Indian Football Team; Source: X

This is how every sports team functions. Watch The Last Dance, the eye-opening documentary on basketball’s legendary Chicago Bulls, and you’ll see just how much influence Michael Jordan, Scottie Pippen and Dennis Rodman wielded over the team coached by Phil Jackson.

In this Indian side, Sunil Chhetri, Gurpreet Singh Sandhu and Rahul Bheke were all part of the Bengaluru FC side that raised the bar in Indian football between 2017 and 2019. Sandesh Jhingan, another national team veteran, also played two seasons in Bengaluru alongside Gurpreet and Chhetri. They’ve also been teammates for India for so long that some sort of kinship is only natural.
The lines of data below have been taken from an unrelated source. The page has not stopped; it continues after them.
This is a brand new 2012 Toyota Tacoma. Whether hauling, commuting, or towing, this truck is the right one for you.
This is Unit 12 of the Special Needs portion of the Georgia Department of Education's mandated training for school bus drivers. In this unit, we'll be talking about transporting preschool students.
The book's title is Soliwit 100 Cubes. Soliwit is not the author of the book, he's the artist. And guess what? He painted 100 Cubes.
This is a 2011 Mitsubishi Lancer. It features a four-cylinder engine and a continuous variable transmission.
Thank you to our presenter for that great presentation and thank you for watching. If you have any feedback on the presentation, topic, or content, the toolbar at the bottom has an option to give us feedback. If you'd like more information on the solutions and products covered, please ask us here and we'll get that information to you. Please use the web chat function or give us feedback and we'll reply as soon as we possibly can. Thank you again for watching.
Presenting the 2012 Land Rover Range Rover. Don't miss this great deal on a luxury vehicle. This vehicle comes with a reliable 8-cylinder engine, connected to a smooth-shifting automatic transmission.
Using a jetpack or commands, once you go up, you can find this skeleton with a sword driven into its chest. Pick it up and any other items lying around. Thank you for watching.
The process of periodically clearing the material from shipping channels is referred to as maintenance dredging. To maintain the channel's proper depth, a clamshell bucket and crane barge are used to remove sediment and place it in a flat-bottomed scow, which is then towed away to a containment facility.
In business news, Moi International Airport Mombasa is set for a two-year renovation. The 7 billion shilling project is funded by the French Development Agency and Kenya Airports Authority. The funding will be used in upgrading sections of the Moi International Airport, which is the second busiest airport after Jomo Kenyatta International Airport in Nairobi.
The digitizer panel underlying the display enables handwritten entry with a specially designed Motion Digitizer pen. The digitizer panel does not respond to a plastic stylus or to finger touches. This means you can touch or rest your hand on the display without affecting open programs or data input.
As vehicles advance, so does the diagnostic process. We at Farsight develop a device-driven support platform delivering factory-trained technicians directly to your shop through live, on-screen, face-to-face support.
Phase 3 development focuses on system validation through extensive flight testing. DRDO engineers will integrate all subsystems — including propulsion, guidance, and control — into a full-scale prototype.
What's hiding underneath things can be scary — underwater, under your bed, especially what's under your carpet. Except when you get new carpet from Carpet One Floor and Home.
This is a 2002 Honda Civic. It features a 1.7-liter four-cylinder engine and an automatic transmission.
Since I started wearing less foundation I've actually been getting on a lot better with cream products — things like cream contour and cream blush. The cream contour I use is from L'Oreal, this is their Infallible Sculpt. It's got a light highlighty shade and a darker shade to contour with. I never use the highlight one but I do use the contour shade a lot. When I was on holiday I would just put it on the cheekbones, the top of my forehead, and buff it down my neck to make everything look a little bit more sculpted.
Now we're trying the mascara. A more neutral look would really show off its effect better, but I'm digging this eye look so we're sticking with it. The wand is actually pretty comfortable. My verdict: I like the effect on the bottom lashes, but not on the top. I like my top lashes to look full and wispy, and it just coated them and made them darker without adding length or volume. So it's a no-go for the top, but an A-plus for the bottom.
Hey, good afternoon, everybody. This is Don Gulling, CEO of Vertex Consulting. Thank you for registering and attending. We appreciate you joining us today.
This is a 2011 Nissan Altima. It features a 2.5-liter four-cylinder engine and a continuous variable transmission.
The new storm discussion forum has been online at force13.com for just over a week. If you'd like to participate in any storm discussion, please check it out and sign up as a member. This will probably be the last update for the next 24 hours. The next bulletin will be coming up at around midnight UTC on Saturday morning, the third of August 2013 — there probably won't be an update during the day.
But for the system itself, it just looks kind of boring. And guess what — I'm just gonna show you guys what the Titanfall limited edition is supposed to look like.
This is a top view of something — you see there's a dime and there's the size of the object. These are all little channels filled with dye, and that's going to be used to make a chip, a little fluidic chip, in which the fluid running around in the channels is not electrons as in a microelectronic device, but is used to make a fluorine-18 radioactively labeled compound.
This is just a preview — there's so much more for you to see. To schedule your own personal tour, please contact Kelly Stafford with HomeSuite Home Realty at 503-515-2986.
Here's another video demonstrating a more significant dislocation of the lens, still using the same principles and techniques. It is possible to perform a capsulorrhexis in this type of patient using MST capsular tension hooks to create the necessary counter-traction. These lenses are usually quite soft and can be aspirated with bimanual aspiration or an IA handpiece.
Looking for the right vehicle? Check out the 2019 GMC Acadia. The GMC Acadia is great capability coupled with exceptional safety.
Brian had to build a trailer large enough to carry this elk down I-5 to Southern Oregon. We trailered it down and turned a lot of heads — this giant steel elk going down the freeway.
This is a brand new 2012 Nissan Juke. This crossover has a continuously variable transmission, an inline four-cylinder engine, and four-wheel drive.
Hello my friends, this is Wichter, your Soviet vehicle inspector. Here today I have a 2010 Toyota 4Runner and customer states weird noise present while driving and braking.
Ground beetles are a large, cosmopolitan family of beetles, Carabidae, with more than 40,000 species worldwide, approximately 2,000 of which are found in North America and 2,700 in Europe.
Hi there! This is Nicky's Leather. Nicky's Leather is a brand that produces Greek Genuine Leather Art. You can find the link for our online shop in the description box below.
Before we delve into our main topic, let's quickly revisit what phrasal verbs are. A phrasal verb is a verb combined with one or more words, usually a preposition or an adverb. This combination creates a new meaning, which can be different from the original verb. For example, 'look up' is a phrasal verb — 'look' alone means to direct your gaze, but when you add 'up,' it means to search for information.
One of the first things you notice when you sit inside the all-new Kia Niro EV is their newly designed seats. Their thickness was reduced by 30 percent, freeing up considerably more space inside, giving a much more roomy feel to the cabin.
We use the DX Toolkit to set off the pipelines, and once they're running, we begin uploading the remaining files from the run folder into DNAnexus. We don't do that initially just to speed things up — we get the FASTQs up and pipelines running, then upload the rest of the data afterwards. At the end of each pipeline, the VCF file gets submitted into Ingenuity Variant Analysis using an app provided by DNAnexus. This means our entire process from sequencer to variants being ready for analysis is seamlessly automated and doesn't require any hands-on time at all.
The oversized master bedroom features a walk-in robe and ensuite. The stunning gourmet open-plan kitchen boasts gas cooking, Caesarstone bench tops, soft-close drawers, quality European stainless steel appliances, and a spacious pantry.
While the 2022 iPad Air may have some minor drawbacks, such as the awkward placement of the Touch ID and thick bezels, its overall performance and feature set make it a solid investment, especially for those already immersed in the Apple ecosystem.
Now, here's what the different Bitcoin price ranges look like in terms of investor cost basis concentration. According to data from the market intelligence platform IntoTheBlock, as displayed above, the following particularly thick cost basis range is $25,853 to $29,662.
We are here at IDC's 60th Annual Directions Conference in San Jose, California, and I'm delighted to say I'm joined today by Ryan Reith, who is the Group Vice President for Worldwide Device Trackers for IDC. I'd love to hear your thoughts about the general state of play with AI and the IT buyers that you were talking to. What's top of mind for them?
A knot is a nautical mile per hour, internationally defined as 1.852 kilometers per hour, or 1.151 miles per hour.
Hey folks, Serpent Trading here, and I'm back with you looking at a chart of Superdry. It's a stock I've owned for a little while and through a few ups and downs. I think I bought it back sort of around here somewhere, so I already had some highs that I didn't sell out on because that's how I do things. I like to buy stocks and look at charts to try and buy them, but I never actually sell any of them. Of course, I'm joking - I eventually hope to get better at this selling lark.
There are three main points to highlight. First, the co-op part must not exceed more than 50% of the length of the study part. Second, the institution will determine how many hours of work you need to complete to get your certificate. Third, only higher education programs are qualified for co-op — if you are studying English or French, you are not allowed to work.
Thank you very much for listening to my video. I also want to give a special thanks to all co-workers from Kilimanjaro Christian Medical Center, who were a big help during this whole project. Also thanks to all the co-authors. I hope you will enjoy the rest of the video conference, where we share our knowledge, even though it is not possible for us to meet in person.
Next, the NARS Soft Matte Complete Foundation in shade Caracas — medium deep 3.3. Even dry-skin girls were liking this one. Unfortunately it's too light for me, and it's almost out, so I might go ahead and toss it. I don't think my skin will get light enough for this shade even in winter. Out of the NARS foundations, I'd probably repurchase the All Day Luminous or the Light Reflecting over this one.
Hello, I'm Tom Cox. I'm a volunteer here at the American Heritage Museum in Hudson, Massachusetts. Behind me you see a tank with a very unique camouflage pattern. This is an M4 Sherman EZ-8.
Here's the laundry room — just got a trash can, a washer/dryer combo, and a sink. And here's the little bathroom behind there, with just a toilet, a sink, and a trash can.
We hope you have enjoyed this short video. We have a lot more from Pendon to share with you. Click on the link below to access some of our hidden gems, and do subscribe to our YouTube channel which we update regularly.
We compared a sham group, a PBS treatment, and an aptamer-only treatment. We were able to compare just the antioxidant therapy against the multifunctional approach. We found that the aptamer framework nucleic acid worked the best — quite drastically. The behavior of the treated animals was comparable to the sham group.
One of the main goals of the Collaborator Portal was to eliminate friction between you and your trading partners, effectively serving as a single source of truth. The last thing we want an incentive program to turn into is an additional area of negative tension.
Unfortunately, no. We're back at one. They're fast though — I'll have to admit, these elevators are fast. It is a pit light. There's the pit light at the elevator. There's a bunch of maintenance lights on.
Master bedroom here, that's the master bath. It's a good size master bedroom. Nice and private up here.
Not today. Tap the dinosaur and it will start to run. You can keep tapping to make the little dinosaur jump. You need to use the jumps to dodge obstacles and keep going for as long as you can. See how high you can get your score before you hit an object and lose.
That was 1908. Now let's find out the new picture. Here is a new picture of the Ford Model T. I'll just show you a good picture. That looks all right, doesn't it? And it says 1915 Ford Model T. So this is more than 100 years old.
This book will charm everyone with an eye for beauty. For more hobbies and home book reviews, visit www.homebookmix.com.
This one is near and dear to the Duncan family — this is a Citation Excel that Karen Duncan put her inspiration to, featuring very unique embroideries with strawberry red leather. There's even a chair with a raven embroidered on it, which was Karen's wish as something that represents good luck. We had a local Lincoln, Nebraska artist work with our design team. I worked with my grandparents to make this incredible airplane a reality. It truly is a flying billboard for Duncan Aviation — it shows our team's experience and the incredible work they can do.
The delicate situation that Stimac and India face now is not on account of their seniority, but their form. Jhingan is out injured at the moment, but the moment he’s back, he goes back to being one of the first names on the team sheet. The same can’t be said of the other three. Bheke is years past his best, and Gurpreet’s costly mistake against Afghanistan was a continuation of some shaky displays in the Asian Cup. Chhetri leads the line with tenacity and commitment, but as he turns 40 in August, it’s impossible to overlook the fact that he last scored more than 11 goals in a club season back in 2017-18.

Three of the four are likely to be phased out in the coming months, though Chhetri could still give great value off the bench as an impact substitute. Whatever his personal relationships with them, this is a call that Stimac simply has to take. The June encounter against Kuwait now shapes up as Indian football’s biggest game in a generation. Fail to win, and all the small strides of the past decade will be forgotten.

Experience is the bedrock of any sports team. But there also comes a time when you have to cut the anchors adrift and set sail in a new direction.